Supplied material:
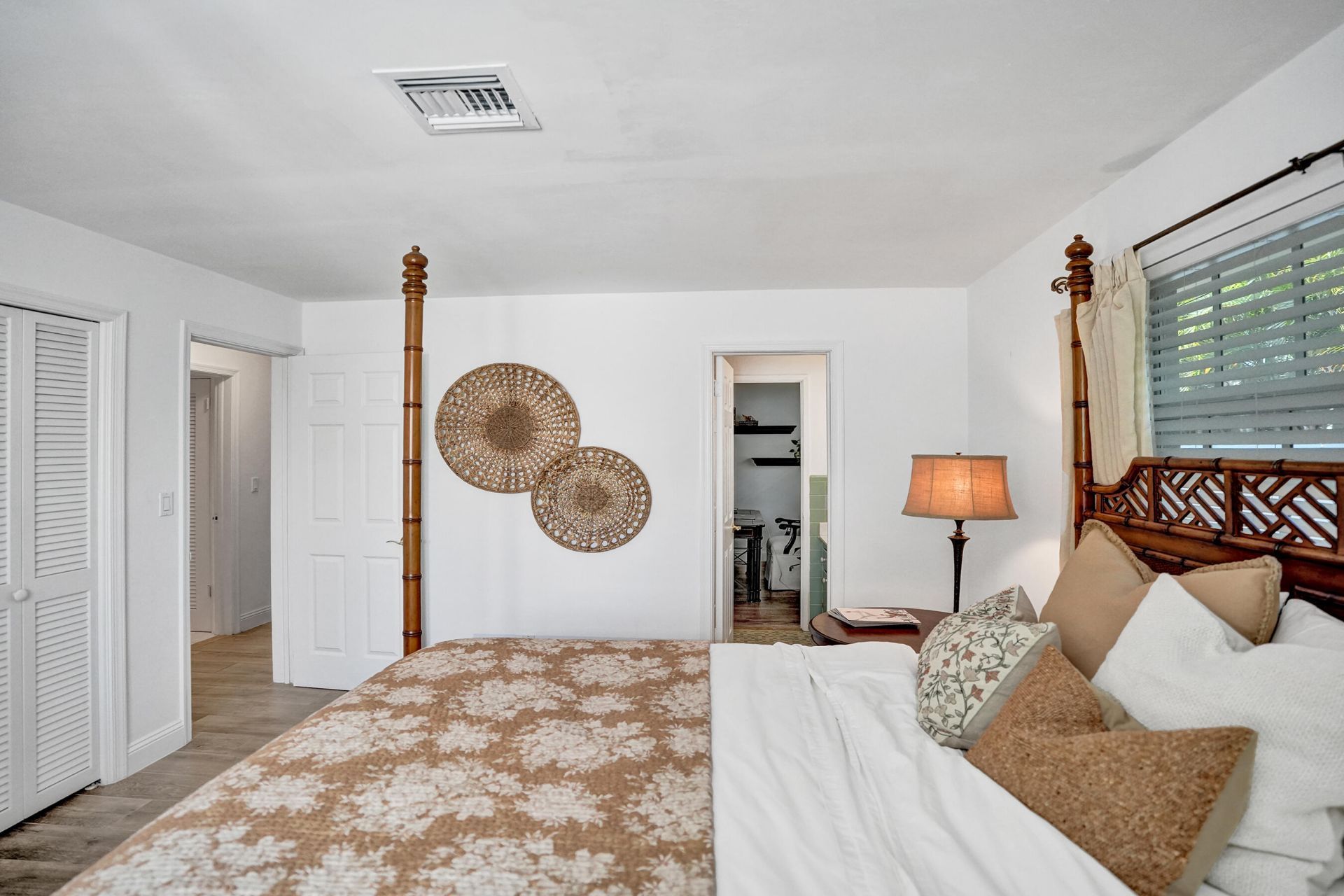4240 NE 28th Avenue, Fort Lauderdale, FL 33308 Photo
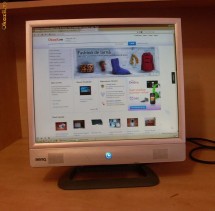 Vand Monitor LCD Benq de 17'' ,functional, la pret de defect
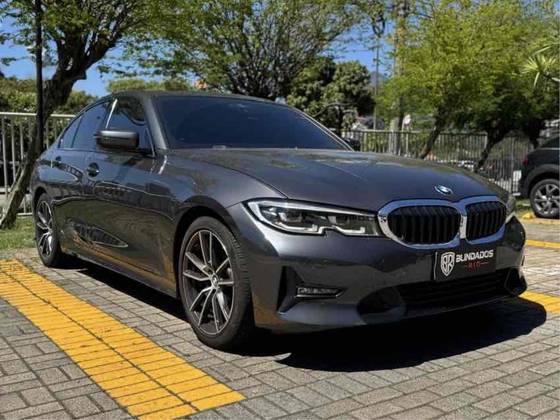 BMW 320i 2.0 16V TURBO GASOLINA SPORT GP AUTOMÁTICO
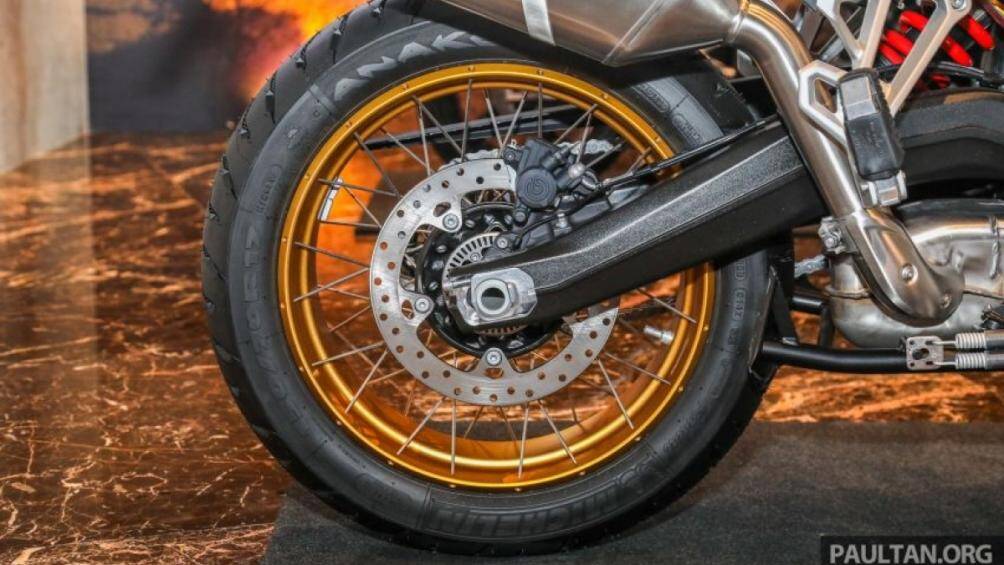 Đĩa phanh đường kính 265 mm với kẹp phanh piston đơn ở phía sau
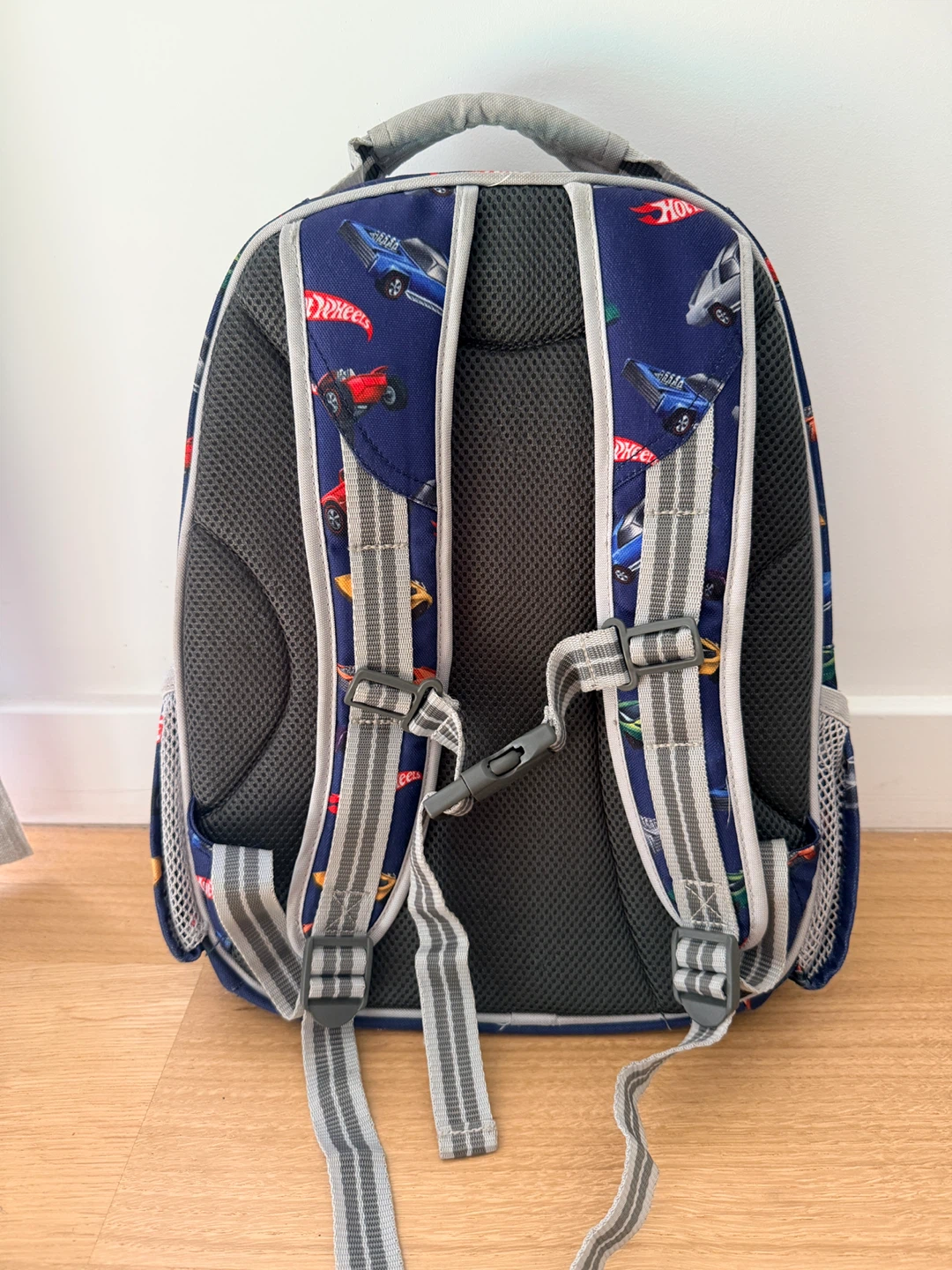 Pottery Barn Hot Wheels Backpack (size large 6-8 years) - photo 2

What the task asks: Write all the lines above out again exactly, minus the images.

Result of this exercise:
4240 NE 28th Avenue, Fort Lauderdale, FL 33308 Photo
 Vand Monitor LCD Benq de 17'' ,functional, la pret de defect
 BMW 320i 2.0 16V TURBO GASOLINA SPORT GP AUTOMÁTICO
 Đĩa phanh đường kính 265 mm với kẹp phanh piston đơn ở phía sau
 Pottery Barn Hot Wheels Backpack (size large 6-8 years) - photo 2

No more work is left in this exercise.